RNZ Rurals has been told beekeeping companies from Wellington and the Wairarapa are offering cash to farmers in Hawke's Bay to put hives on their farms, but are not putting them far enough from businesses such as Arataki and Kintail, which have been on the land for many years.

National Beekeepers Association Hawke's Bay branch president John Berry said there had been a huge surge in interest since the price of manuka honey soared.

Areas with manuka often did not have enough pollen for the bees over the cooler months, so people had to find new places to winter the bees, he said.

Mr Berry said this was threatening the health of beehives.

"You can only run so much stock in a given area and it's creating so many problems especially with people that are chasing manuka, they're taking up all the good spring sites.

"There are now so many hives - where I've had 16 hives, I've now got 100 hives across one fence and down the road a little bit there are another 100 hives.

"It's making it harder and harder to get those hives up to a suitable standard to do pollination."

Mr Berry said hives should be at least 2km apart, and the established beekeepers in Hawke's Bay respected this - in a so-called "gentlemen's agreement", because there was no law around where hives were placed.

But he said this had all gone out the window.

"We're not talking about just a few hundred hives, we're talking about tens of thousands of hives being dumped into areas and it's causing a shortage of nectar, a shortage of pollen.

"People are having to feed a lot more sugar, a lot more pollen substitute."

He said, as competition for sites increased, people were offering payment for them.

"There's been a lot of promises made about huge sums of money but, a lot of farmers I talk to, the money never eventuates.

"A lot of these guys come into an area and they have no history of the area or know the stocking rates, they look at the country and think 'oh I could run 500 hives here'."

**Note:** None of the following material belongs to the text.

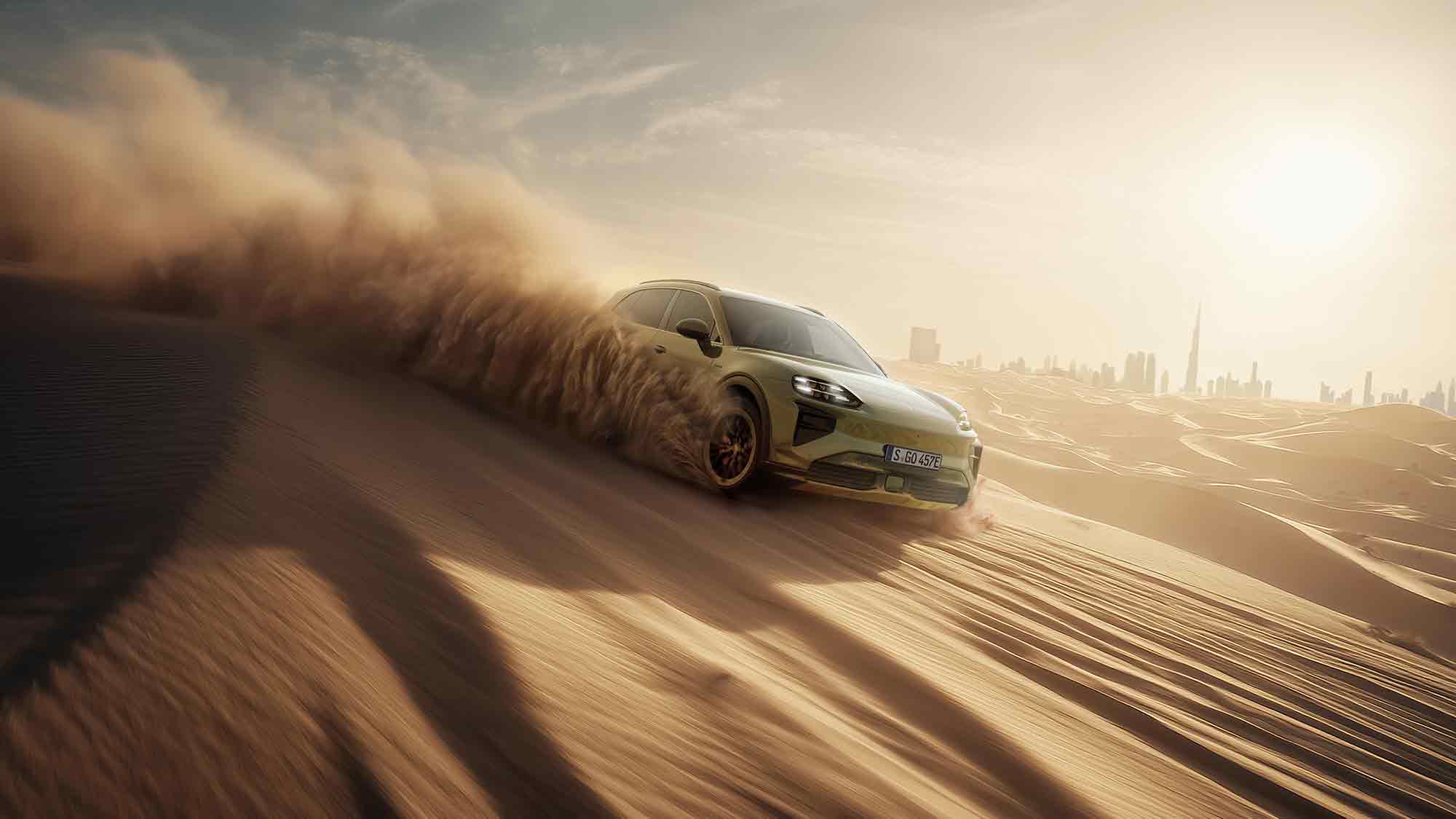 Zwischen Skyline und Sand: Der Cayenne Electric zeigt sich in Dubai – erster öffentlicher Auftritt des neuen vollelektrischen SUV Zwischen Skyline und Sand: Der Cayenne Electric zeigt sich in Dubai – erster öffentlicher Auftritt des neuen vollelektrischen SUV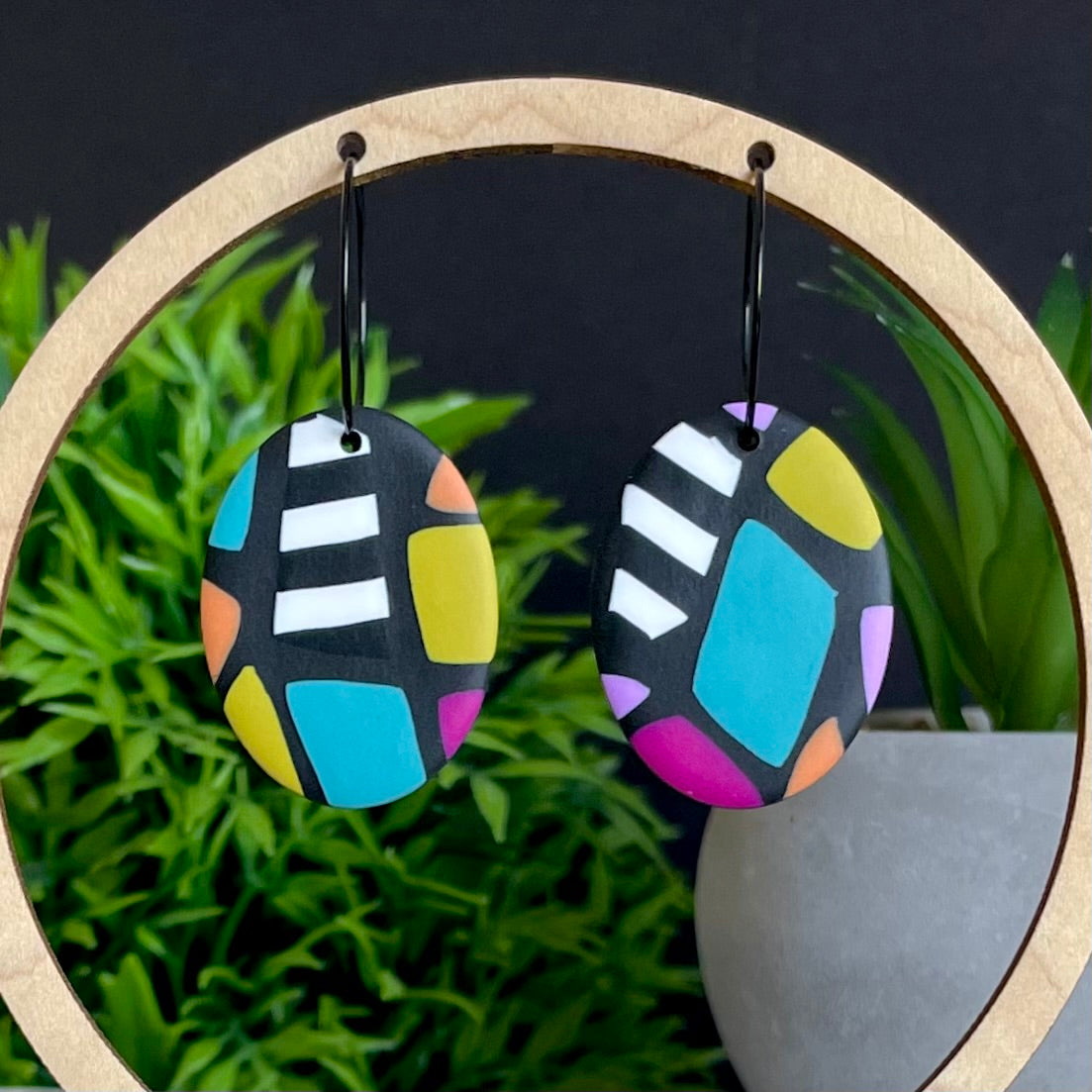 Retro Mosaic Oval Hoop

'No question' overcrowding happening

Bruce Warsnop, a sheep and beef farmer on Makaroro Road near the Waipawa River, has had Arataki bees on his farm for over 60 years.

Mr Warsnop said he had noticed more and more hives in the district.

"We've been approached by three of four new apiarists in an area that traditionally only had two large commercial operators.

"We've got three sites spread over an area of 5km between sites, and across the river from one site within half a kilometre I see at least two other apiarists. It appears that they haven't got the rules set out as they should be.

"I'm aware of neighbours that have been paid in excess of $1000 and other people as well, as an incentive to let them put hives in places, but it means there is overcrowding in areas - there is no question of that."

The National Beekeepers Association said it wanted landowners to be aware of how many hives were on their land and how far apart they were.

RNZ has approached Wairarapa companies for comment, but none have responded yet.